CHARLEROI – World Kitchen boasts that its signature heat-resistant glassware known as Pyrex can be found in nearly every kitchen in the United States, and that’s an understatement in the houses near where its plant is located in Charleroi.

The home of former Corning Glass employee LaVerne Williams in North Charleroi, for example, is among those whose kitchens are brimming with vintage Pyrex mixing bowls, casserole dishes, cups and pie plates.

“My mother and aunts worked there,” said Williams, 85, while discussing how she came to collect so much Pyrex, a brand that is celebrating its 100th birthday this year.

“My sister Laura worked there. It’s family,” she said.

Charleroi was established as a glass-making boom town between 1890 and 1892 and was once home to five glass factories, said Nikki Sheppick, chairman of the Charleroi Area Historical Society.

George A. MacBeth owned one that merged with the Evans Glass Co. in 1899, Sheppick said. MacBeth-Evans grew to acquire Hamilton Glass in 1918, and it eventually merged in 1936 with Corning, which already had invented Pyrex.

“From those seeds, a vast glass industry came into being, that at its height employed over 1,400 men and over 700 women who plied their trade in diverse ways,” Sheppick said.

“The Charleroi plant produced record numbers of Corning Pyrex mixing bowls and many other utilitarian items that became the things of dreams to multitudes of housewives,” she said.

The Pyrex brand resulted by chance in 1915 when a Corning scientist gave his wife, Bessie Littleton, sawed-off bottoms of battery jars to use as casserole dishes in place of those she had broken.

The Charleroi plant at 100 Eighth St. eventually was sold in 1998 to World Kitchen, a company that now employs 350 people at the Pyrex plant.

Due to the sheer volume of Pyrex that has been sold in the Mon Valley, much of it has found its way to area antiques stores, and its value continues to increase, especially among collectors of the modern-American style of the 1950s.

“I sell a lot of the early American Pyrex to people who come home for funerals,” said Rhonda Jaquay, an owner of Tim’s Secret Treasures antique store in Charleroi.

“They stop here because they want to take a piece of Charleroi home with them,” Jaquay said, adding that many of her customers are drawn to Pyrex because they have relatives who once worked at Corning.

“They love those casserole dishes,” she said.

Williams, who worked in purchasing for Corning before quitting when she became pregnant in 1962, said she just bought up different Pyrex pieces over the years.

“Corning had a store in the basement. We didn’t even get a discount,” Williams said.

Sheppick said housewives in the 1950s also loved Pyrex because it doesn’t break easily.

“My mother loved this stuff, and we lived in northeastern Indiana,” Sheppick said.

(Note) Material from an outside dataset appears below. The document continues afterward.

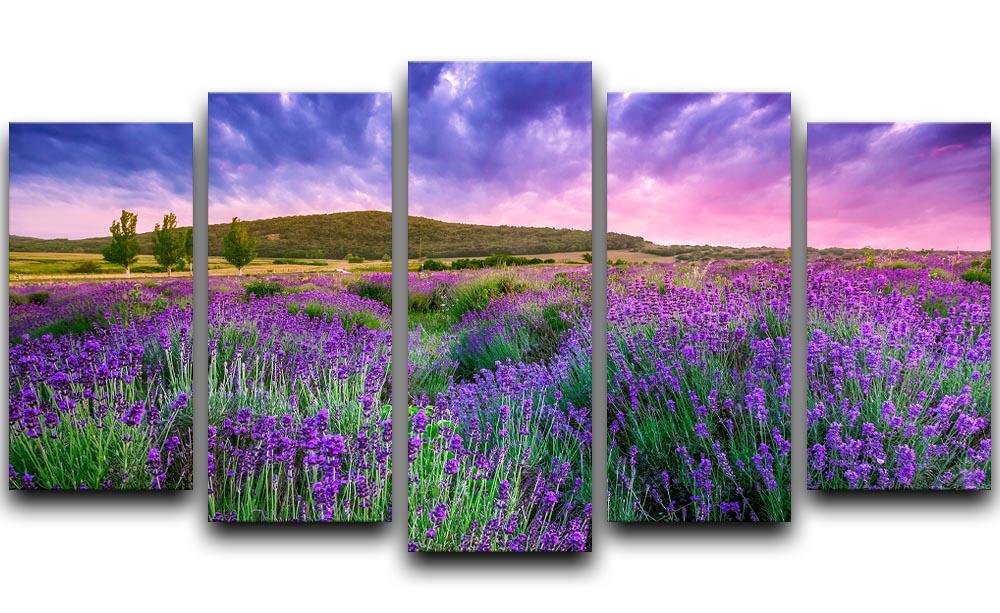 Sunset over a summer lavender field 5 Split Panel Canvas  - Canvas Art Rocks - 1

World Kitchen will host a Pyrex celebration in downtown Charleroi on Saturday, using a giant replica of its iconic measuring cup as the centerpiece of the party. The plastic novelty holds 3,040 cups, weighs 65 pounds and is 4 feet tall. The cup will travel around the country and be returned to the borough after the celebration ends.

The events will be held from 10 a.m. to 3 p.m. on Fifth Street between McKean and Fallowfield avenues, and at Magic City Square at Fifth Street and McKean Avenue. Charleroi Borough Manager Donn Henderson said World Kitchen will have Pyrex items available to purchase during the celebration and a display on the brand’s history.

The borough will sponsor a first-come, first-served free pancake breakfast at the Market House, 423 McKean Ave., along with some entertainment.

The party also will mark the borough’s 125th birthday, and a video message from the mayor of Charleroi, Belgium, will be played.